The Tiger Mom made her adult daughters sign a contract before moving back home

A few years ago, the “Tiger Mom” took the world by storm when she released a controversial book asserting that the only way to raise successful kids is to drill-sergeant the hell out of them. Now, Amy Chua’s children are grown women, but apparently the Tiger Mom-ming doesn’t end at 18. In a recent feature in the Wall Street Journal, Chua revealed she’s making her adult daughters sign a strict contract before they’re allowed live in her apartment over summer break.

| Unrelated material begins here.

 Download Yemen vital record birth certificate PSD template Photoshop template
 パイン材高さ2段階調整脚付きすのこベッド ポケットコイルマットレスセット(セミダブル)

Chua writes that her daughters, 23-year-old Sophia and 20-year-old Lulu, are spending their summer working in New York City, and plan on staying rent-free in “the pied-à-terre that my husband, Jed, and I spent 20 years saving up for.” Fearful that her daughters might take advantage of her hospitality, the mom says she used her skills as a Yale Law School professor to draw up an iron-clad agreement that will keep them in line.

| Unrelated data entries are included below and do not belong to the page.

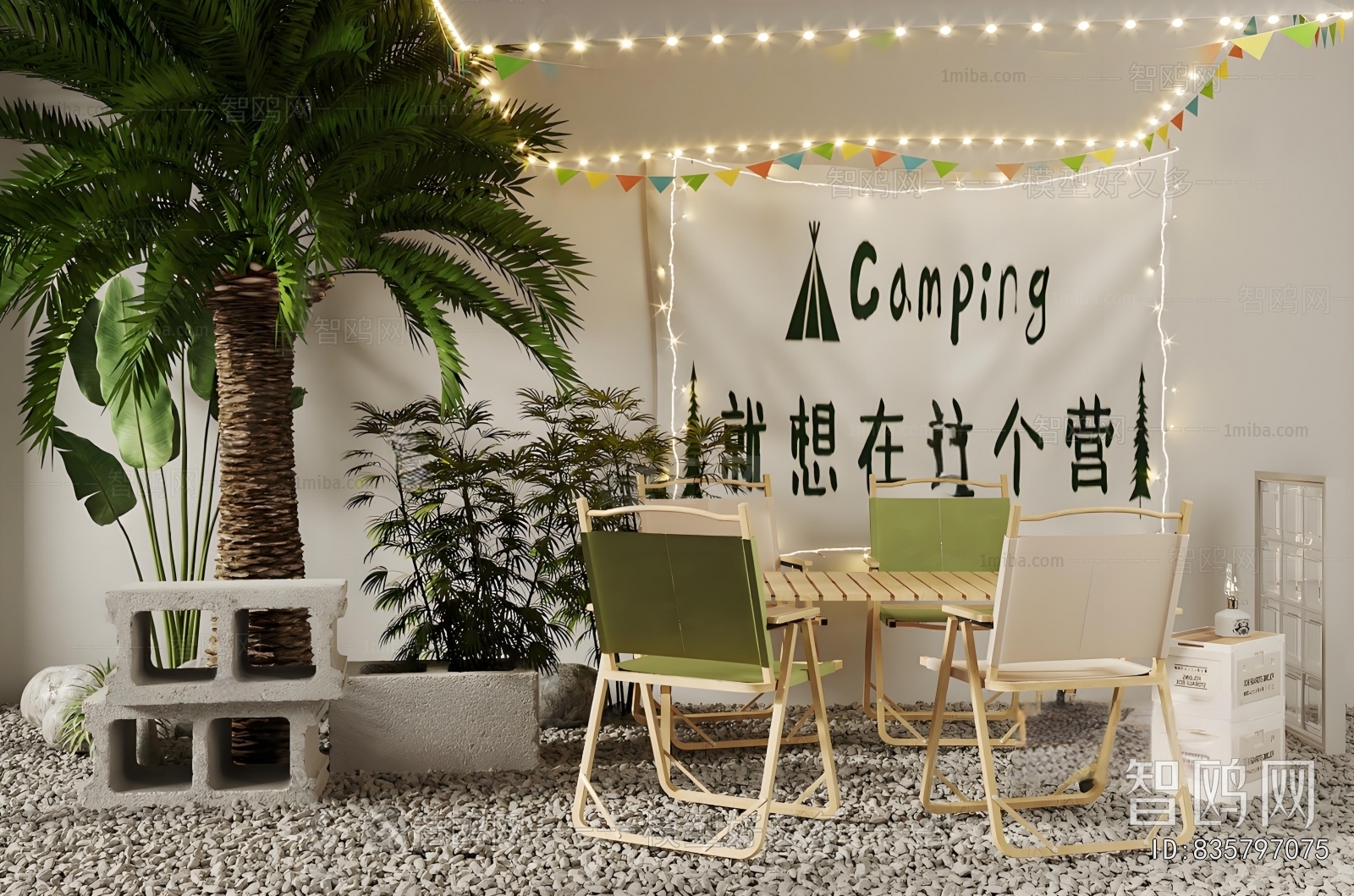 Modern Outdoor Tables And Chairs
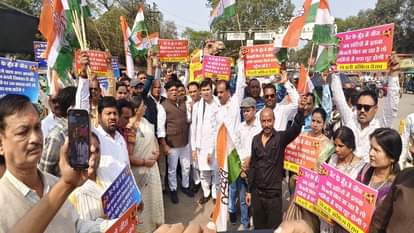 200 unit discount in electricity bill scheme Congress called it a drop in the ocean and protested in Durg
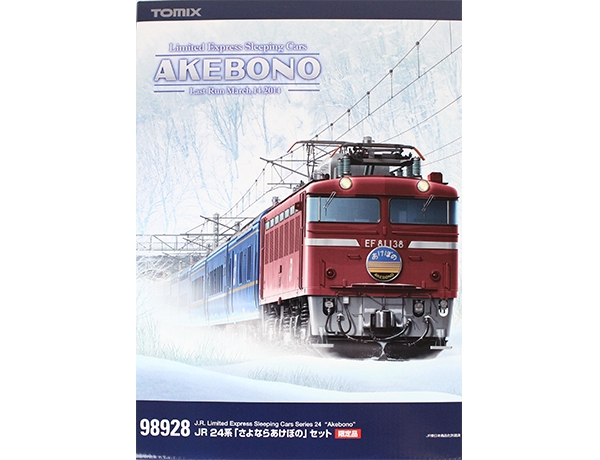 TOMIX EF81 138 赤2号ひさし付き さよならあけぼのバラシ Yahoo!オークション - TOMIX EF81 138[青森車両センター] (品番 98928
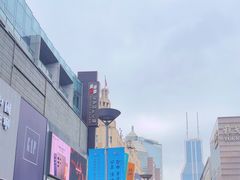 -南京路步行街
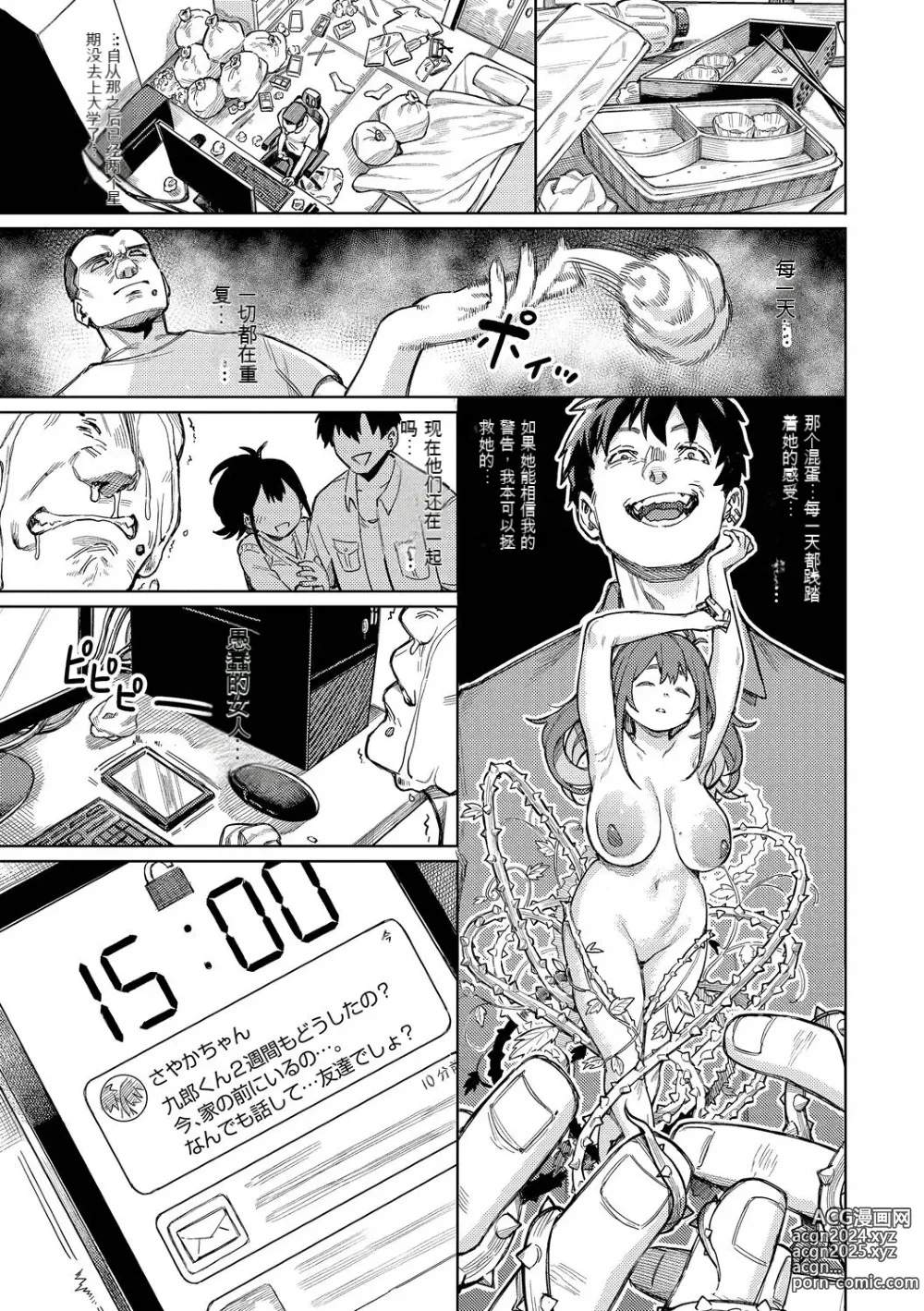 Page 108 of manga メスオチショータイム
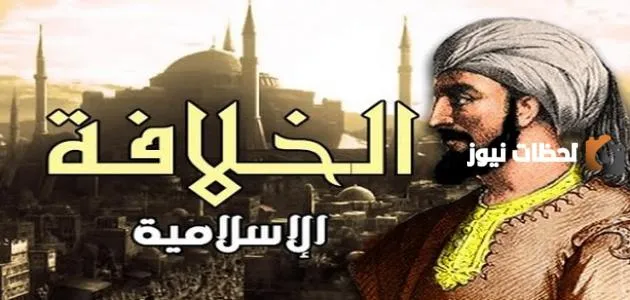 من هو اول خليفة للمسلمين بعد وفاة الرسول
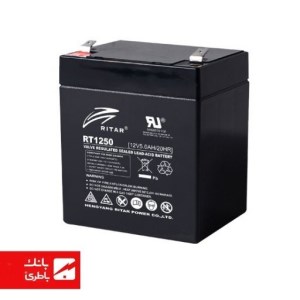 باتری سیلد اسید زیاما 5 آمپرساعت 12V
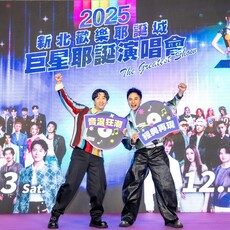 新北歡樂耶誕城卡司揭曉 陳漢典登台主持掀演唱會熱潮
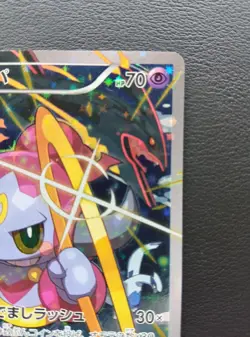 Hoopa 155/XY-P with Pikachu Promo Movie Limited Pokemon Card Japanese 2015 - Image 3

“Whereas Amy Chua and Jed Rubenfeld are the owners of Apt. [XXX] and their children are not,” the document begins. “Whereas Children owe their parents everything, even in the West, where many have conflicted feelings about this. In exchange for Amy and Jed allowing them to stay in their NYC apartment… Sophia Chua-Rubenfeld and Louisa Chua-Rubenfeld agree to the following irrevocable duties and conditions.”

Curious about the conditions? Well, they’re pretty strict. First of all, Sophia and Lulu are sharing a bedroom and a bed, which the contract states they must make every day without fighting over who does it. Other items include:

To greet Jed Rubenfeld & Amy Chua with spontaneous joy and gratitude whenever they visit.
To never, ever use the phrase, “Relax—it’s not a big deal.”
Whenever any guests visit, to come out of the bedroom immediately in a respectable state, greet the guests with enthusiasm, and sit and converse with the guests in the living room for at least 15 minutes.
To fill the refrigerator with fresh OJ from Fairway for Jed on days when he is in town.
To keep the pillows in the living room in the right place and PLUMPED and to clean the glass table with Windex whenever it is used.

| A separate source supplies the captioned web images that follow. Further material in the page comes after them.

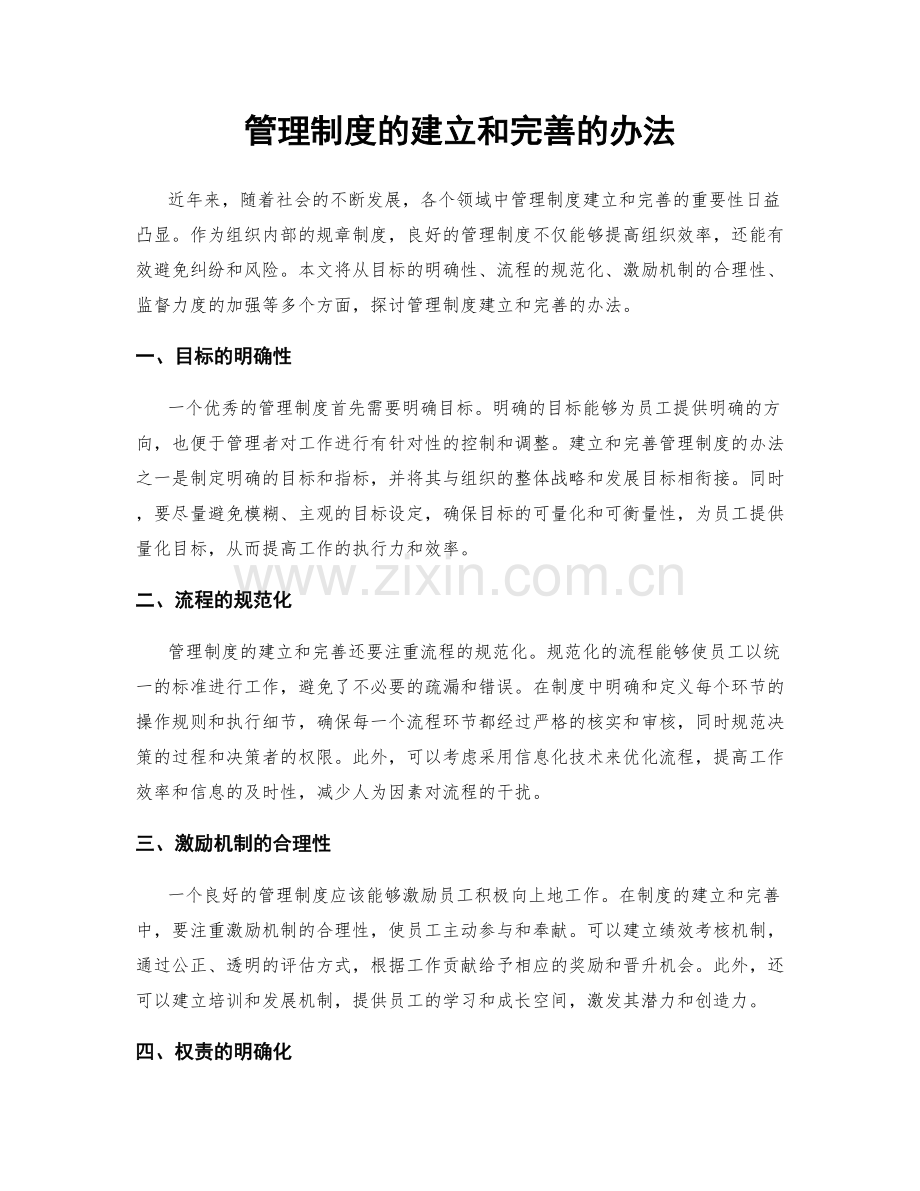 管理制度的建立和完善的办法.docx_第1页
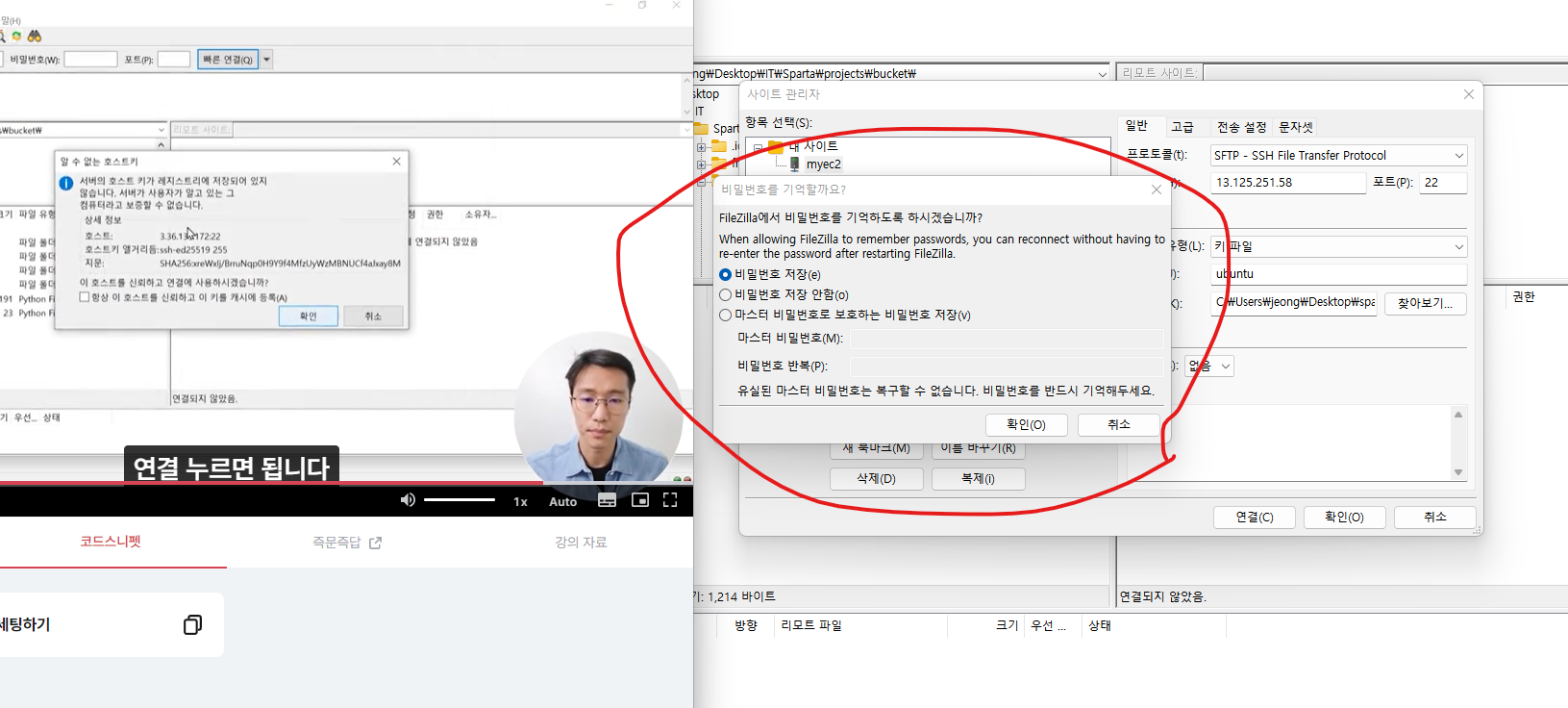 스파르타 즉문즉답
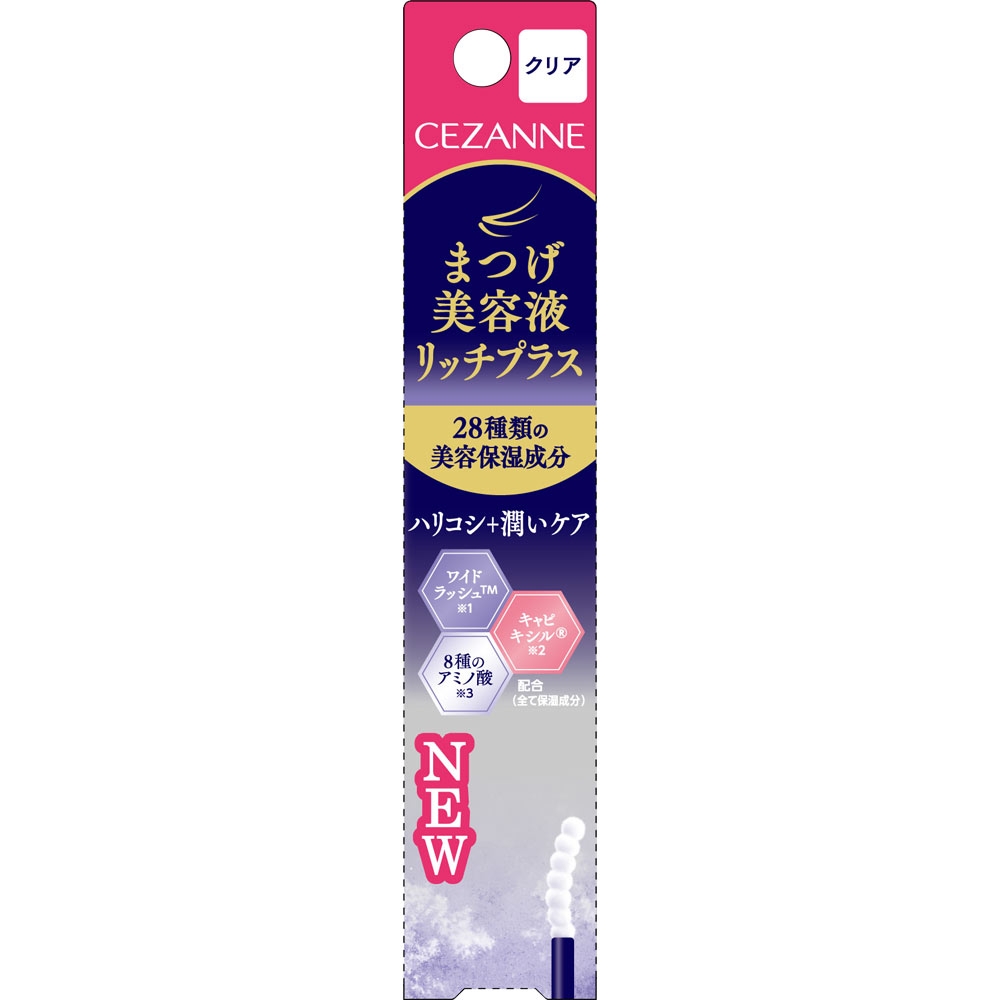 まつげ美容液 リッチプラス ＿ セザンヌ化粧品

Lastly, the contract says, “Sophia and Louisa agree that the above duties and conditions will not be excused even in the event of illness, hangovers, migraines, work crises or mental breakdowns (whether their own or their friends’).”

Damn, Tiger Mom. You drive a hard bargain.

The reactions to Chua’s contract have, understandably, been mixed. Some think it’s a fantastic idea, especially at a time when more adult children than ever are moving home with mom and dad. Others think she’s asking too much. As one person wrote in the discussion on the Wall Street Journal, “They are your children, they did not ask to come into this world. YOU CHOSE TO BRING THEM HERE. It is your responsibility to help them out through out their life.”

Presumably, Chua does believe she’s helping them, even though she’s helicoptering harder than she did when they were four years old. And, while many parents are unlikely to ever make their adult children share a bed or revamp our beloved OJ stash, it’s hard to argue with the idea of setting boundaries for grown kids who end up back in the nest.

When you’re living under your parents’ roof, they get to make the rules. Whether that means charging rent or requiring kids to take on specific chores, it’s not out of the question to have expectations for how your adult children function inside your house. Chua might be one tough cookie, but her daughters won’t spend the summer sitting around in their pajamas at noon, and playing on Facebook while their parents scream at them to brush their teeth and get a part-time job. When you look at it that way, a ball-busting behavior contract doesn’t seem like such a bad idea.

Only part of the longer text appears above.